Action item — Your reply should consist of the entries, copied exactly and stripped of images.

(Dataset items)
————————

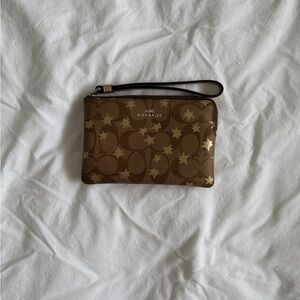 Coach Brown Wristlet with Gold Stars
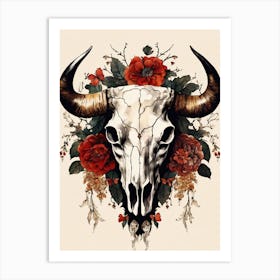 Vintage Boho Bull Skull Flowers Painting (62) Art Print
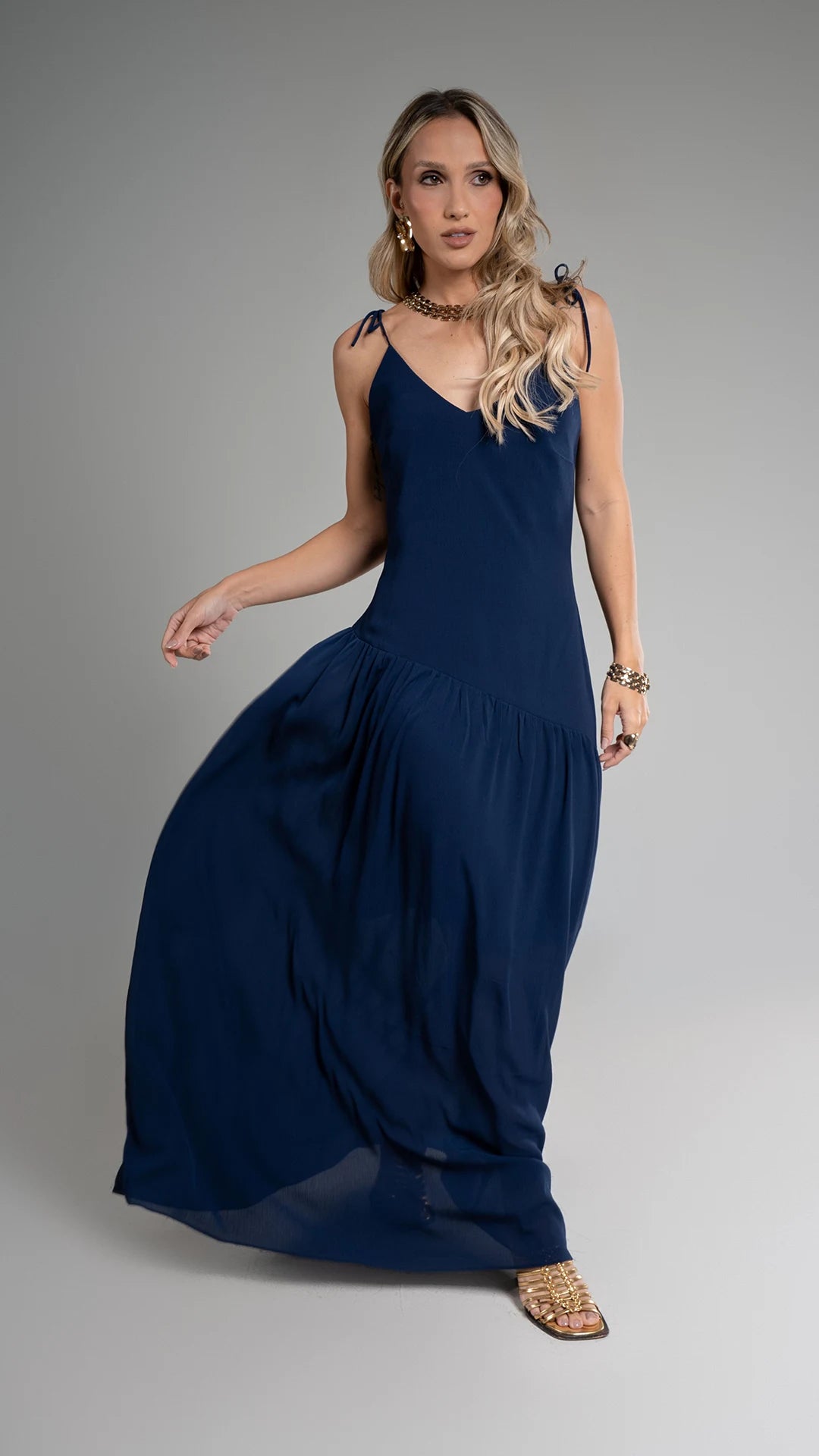 Vestido Tereza - Azul-marinho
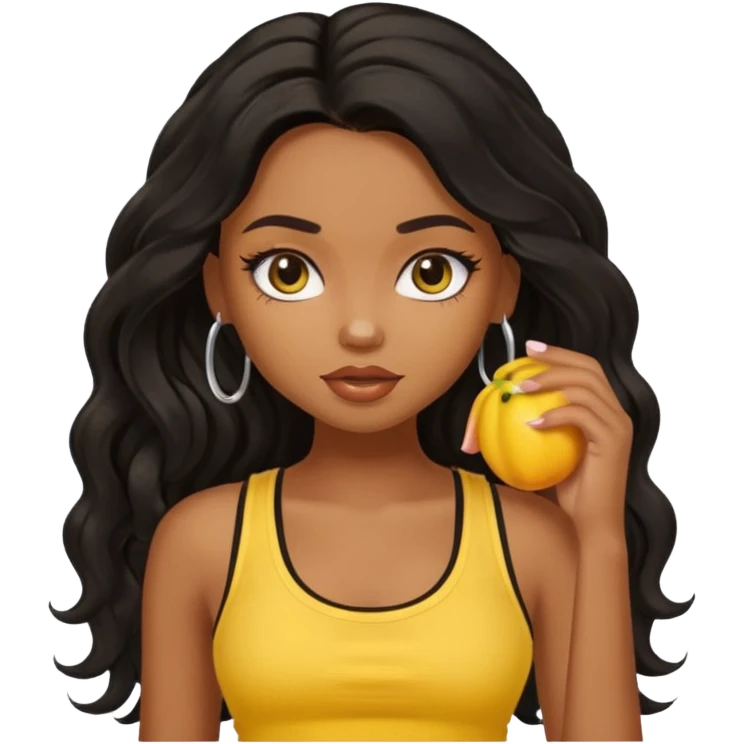 a pretty bratz dusky girl with long wavy black hair in a yellow tank top emoji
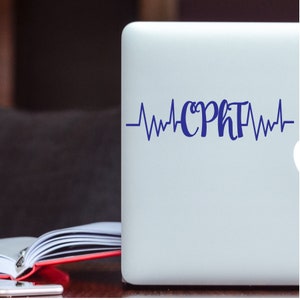 CPhT Heartbeat Car Decal, Certified Pharmacy Technician, Pharm Tech, CPnT Car Decal
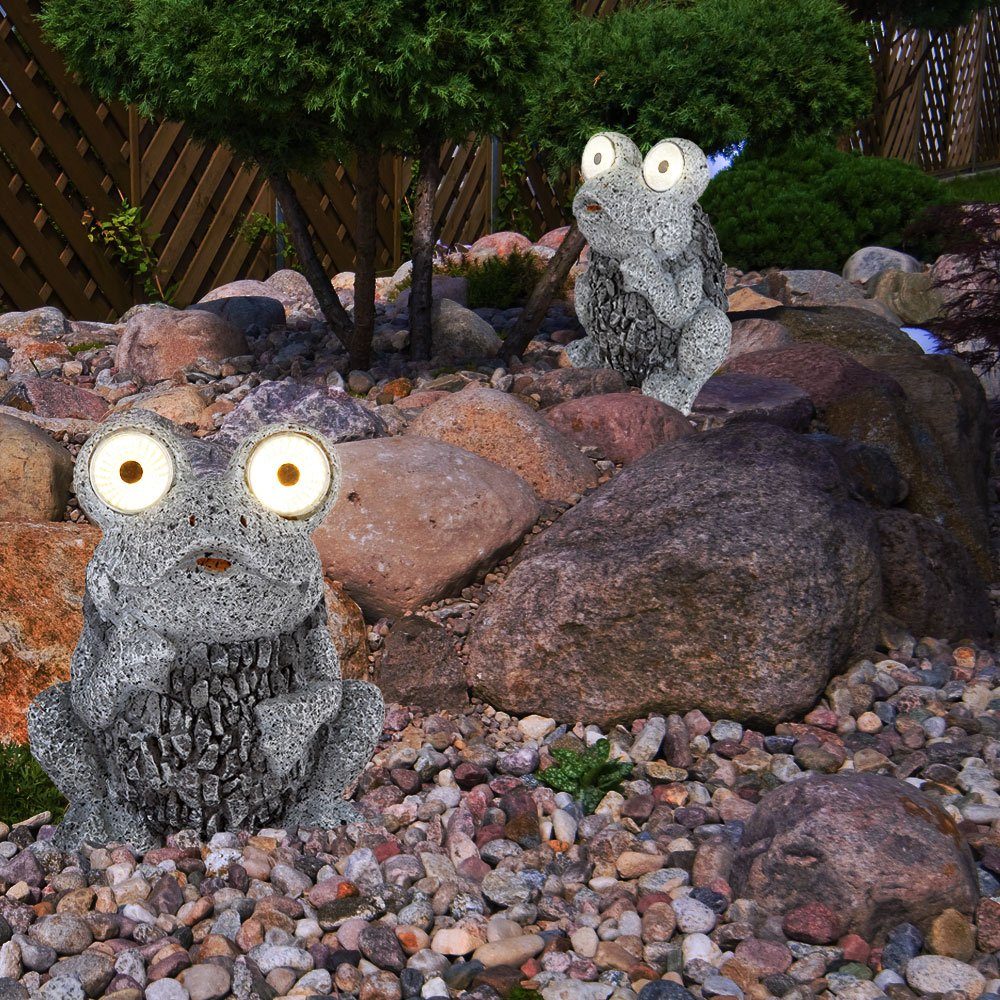 GLOBO LIGHTING LED Solarleuchte, LED-Leuchtmittel fest verbaut, Solarleuchte Frosch grau Solar Figur Frosch Außenlampe Steinoptik 2x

————————

Written reply —
 Coach Brown Wristlet with Gold Stars
 Vintage Boho Bull Skull Flowers Painting (62) Art Print
 Vestido Tereza - Azul-marinho
 a pretty bratz dusky girl with long wavy black hair in a yellow tank top emoji
 CPhT Heartbeat Car Decal, Certified Pharmacy Technician, Pharm Tech, CPnT Car Decal
 GLOBO LIGHTING LED Solarleuchte, LED-Leuchtmittel fest verbaut, Solarleuchte Frosch grau Solar Figur Frosch Außenlampe Steinoptik 2x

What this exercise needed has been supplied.